Tradisi Upacara Ayu (Manggala)
Upacara tradisional yang bertahan sampai sekarang, antara lain:
1. Upacara Kelahiran
a) Upacara Nawarin
Upacara Nawarin dilakukan pada saat kandungan genap tujuh bulan. Bedak
yang terbuat dari tepung berwarna kuning yang telah dilarutkan dengan
air di atas cawan putih kemudian dipercikkan dengan mempergunakan daun
sirih ke badan wanita yang sedang mengandung bayinya mulai dari telapak
tangan kanan nauk ke bahu kemudian turun melalui bahu kiri dan berakhir
di telapak tangan kiri.
b) Upacara Embuang Au
Sejak bayi lahir biasanya di dalam rumah dinyalakan api. Abu dari api tersebut dibuang pada saat sang bayi boleh keluar rumah.
c) Upacara Potong Rambut (menunang)
Menunang artinya menurunkan. Setelah upacara menunang ini,
barulah bayi boleh diturunkan ke tanah setelah rambutnya digunduli.
d) Upacara Mengasak
Mengasak
artinya mengasah. Upacara ini dilakukan bagi anak yang telah mencapi
umur remaja. Pada upacara ini para remaja putra maupun putri mengikuti
upacara mengasah, yaitu upacara potong gigi. Setelah upacara mengasak,
barulah remaja putra dan putri yang telah matang usianya untuk berumah
tangga, barulah boleh melangsungkan perkawinan.

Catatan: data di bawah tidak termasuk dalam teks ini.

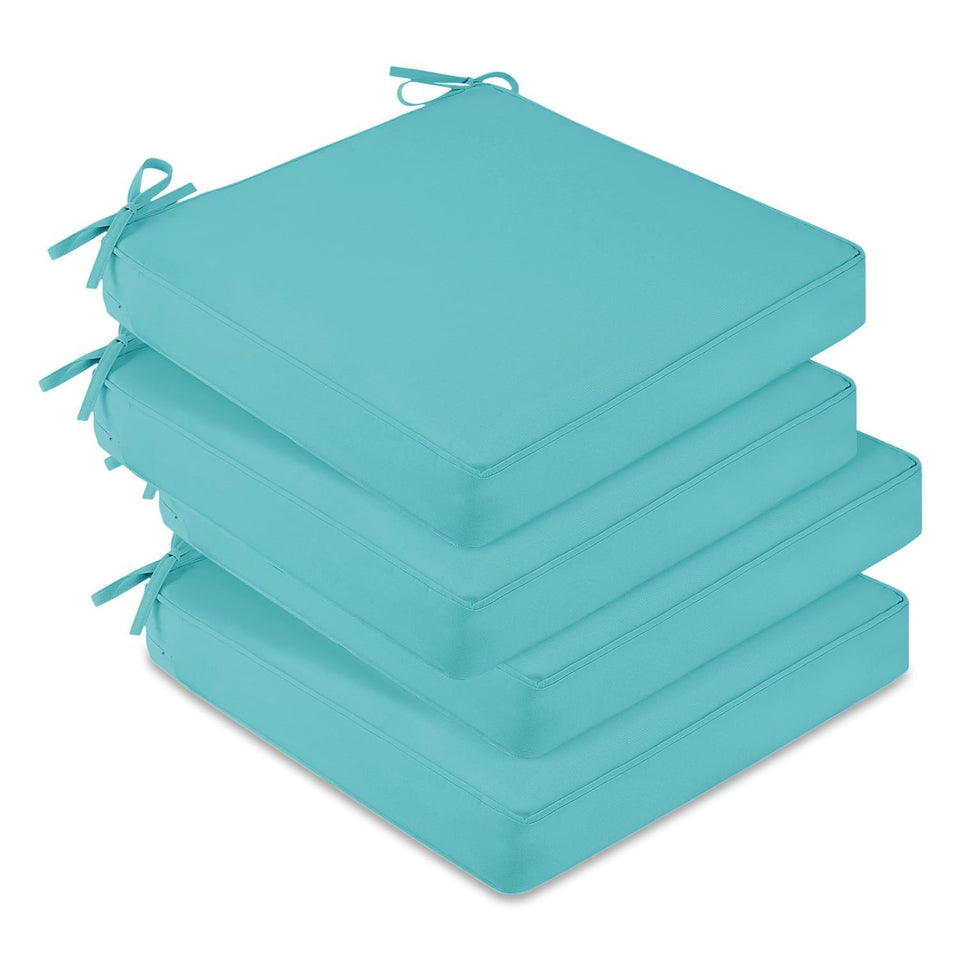 Downluxe teal cushions, front view, offer weatherproof outdoor seating comfort.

2. Upacara Nunas Kaya dan Muleq Kaya
Menurut pengamatan penulis, upacara-upacara Tradisi Nunas Kaya dan Tradisi Muleq Kaya, pada hakekatnya adalah Pattidana.
Persembahan
untuk Sang Hyang Pepujan, Sang Hyang Tetungguran, Sang Hyang Kembulan,
Betara dan Idodari diletakkan di bangunan utama. Di samping itu kiri
bangunan utama terdapat lagi bangunan berbentuk bujur sangkar dengan
sisi 2,5 meter dan tinggi 2 meter. Di atas bangunan ini diletakkan
persembahan khusus untuk nenek moyang (leluhur), yang pada keesokan
harinya setelah upacara melusut (menurunkan) di bagi-bagi kepada khalayak yang hadir pada hari itu.
Tradisi Upacara Ayu (Awamanggala)
1. Upacara Peringatan Kematian
Upacara peringatan kematian terdiri dari upacara tiga hari dan tujuh hari terhitung sejak yang bersangkutan meningga.
2. Upacara Menyoyang
Menyonyang berasal dari asal kata soyang dari kata sawe'an yang berarti terakhir, maksudnya adalah upacara yang terakhir bagi mendiang yang bersangkutan.
Kata soyang juga berasal dari kata siung artinya
hari seribu mendiang yang bersangkutan meninggal dunia yang pada umunya
upacara ini dilakukan setelah 3 tahun mendiang meninggal dunia.